Explicarei melhor por um exemplo:

Günter Grass (1927-2015) foi um escritor alemão do séc. XX, um dos melhores, ganhou até o prêmio nobel em 99. Sua obra mais conhecida é o romance “O Tambor” (1959) retrato de uma Alemanha de antes, durante e após-segunda guerra, tudo isto visto pela ótica de Oskar, um garoto que não quer crescer e, por esta razão, quando completa três anos de idade, se joga da escada da adega de sua casa: como o acidente impossibilita seu crescimento, torna-se um anão e, posteriormente, corcunda pelo resto da vida.
Não cabe aqui fazer uma resenha da obra (mas recomendo de mais), só quero mostrar uma das passagens do livro que me chamou a atenção:
[…]; pois a luz atrai todos, mesmo os mais vulgares, enquanto a semi-escuridão só faz parar os eleitos.
– Günter Grass (“O Tambor”, 1959) [Tradução de Lúcio Alves]
Emily Dickinson (1830-1886) foi uma poeta norte-americana, uma das figuras literárias mais importantes do séc XIX, mas quase nulo o seu prestigio durante a vida: apenas nos anos posteriores a sua morte (lá pelo começo do séc. XX) é que teve o reconhecimento por parte da critica e do público. Com uma obra avançada para sua época, Emily possui vários poemas curtos, num tom que já antecipava o modernismo, eis um deles:
A manhã se dá a todos,
A noite, para alguns poucos;
A raros afortunados,
A luz da madrugada.
– Emily Dickinson [Tradução de Ivo Bender]

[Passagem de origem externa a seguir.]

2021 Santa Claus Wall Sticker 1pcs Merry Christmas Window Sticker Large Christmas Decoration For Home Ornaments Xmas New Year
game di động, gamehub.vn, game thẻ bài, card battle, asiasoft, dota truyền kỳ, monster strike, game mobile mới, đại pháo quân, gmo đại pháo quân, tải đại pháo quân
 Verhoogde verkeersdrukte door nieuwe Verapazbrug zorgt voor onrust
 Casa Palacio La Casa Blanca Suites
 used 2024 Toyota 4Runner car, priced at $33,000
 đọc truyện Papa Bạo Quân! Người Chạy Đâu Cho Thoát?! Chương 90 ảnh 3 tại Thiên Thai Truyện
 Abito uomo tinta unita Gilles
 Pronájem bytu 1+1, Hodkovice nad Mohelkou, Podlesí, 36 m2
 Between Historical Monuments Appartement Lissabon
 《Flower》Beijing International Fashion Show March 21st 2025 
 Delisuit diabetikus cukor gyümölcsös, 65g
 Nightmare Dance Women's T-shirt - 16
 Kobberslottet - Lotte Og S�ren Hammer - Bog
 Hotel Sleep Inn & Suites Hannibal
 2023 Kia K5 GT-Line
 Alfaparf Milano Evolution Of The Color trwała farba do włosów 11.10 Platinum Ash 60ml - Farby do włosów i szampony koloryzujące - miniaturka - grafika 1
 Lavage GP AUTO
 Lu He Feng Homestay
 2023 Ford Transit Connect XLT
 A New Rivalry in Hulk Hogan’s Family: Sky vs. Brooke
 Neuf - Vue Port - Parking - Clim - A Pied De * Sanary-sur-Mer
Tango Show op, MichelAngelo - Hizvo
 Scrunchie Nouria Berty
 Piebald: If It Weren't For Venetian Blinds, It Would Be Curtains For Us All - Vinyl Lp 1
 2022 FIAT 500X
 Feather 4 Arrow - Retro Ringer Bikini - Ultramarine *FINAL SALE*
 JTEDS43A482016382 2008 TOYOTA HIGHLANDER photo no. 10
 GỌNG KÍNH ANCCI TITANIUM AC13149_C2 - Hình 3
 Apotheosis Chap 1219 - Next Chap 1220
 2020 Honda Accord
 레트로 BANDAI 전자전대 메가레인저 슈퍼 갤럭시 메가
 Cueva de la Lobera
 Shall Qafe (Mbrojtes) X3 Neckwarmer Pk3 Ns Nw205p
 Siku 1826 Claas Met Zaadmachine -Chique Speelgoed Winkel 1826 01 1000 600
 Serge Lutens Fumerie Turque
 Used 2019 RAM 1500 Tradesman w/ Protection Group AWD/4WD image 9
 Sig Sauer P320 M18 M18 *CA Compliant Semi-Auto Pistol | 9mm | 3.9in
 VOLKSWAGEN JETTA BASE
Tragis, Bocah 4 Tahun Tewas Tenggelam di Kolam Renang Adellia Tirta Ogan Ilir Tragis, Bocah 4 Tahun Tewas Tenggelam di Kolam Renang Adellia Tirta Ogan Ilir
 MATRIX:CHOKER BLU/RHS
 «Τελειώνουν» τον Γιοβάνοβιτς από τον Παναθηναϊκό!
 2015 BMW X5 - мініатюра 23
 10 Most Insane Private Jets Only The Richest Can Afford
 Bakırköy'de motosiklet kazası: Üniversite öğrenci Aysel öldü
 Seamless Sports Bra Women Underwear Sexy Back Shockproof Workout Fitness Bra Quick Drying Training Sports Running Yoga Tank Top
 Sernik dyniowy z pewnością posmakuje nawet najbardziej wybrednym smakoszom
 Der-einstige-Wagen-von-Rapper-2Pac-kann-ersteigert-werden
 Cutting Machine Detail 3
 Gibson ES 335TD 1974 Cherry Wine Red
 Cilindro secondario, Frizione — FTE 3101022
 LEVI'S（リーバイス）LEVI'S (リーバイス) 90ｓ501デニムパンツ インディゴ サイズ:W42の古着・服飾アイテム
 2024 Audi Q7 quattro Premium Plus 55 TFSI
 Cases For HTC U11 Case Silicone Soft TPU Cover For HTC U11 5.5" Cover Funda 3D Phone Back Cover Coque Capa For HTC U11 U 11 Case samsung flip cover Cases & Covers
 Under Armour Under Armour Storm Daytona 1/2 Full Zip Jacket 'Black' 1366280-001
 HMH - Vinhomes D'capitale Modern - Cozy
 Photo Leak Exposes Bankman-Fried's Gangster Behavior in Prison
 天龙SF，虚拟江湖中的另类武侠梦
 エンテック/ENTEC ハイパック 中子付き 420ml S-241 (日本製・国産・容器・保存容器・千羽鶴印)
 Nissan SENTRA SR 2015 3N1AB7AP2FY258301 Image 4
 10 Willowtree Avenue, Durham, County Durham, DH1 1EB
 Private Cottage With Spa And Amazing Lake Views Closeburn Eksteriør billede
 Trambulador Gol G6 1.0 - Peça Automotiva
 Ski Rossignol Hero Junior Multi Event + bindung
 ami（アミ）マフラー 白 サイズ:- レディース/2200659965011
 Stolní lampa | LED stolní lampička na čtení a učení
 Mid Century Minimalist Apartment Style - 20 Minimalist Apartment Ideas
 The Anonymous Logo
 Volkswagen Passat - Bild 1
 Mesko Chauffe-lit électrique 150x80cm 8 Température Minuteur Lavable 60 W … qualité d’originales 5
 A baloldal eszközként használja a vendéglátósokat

Nota-se que são dois gêneros distintos (e talvez nem tanto assim): romance e poesia, e entretanto dialogam! E isto com uma distância de mais ou menos 70 anos entre as duas produções (Emily morreu em 1886, sem publicar um livro: não há dados exatos quanto a data exata em que os poemas foram escritos; ela escreveu durante toda vida). Há uma afinidade, afinal. Dois escritores tão distintos em espaço e tempo se encontram numa mesma ideia (pálida e forte): a penumbra, a dubiedade que é um ‘estilo de vida’ para poucos. E que está presente, de forma visceral, embora acentuadamente distinta, em suas obras.

Este é o eterno retorno que quero destacar, o encontro da mesma verdade, seja na calma da fonte, ou no desespero do front. Sempre um novo (e o mesmo) tijolo a acrescentar.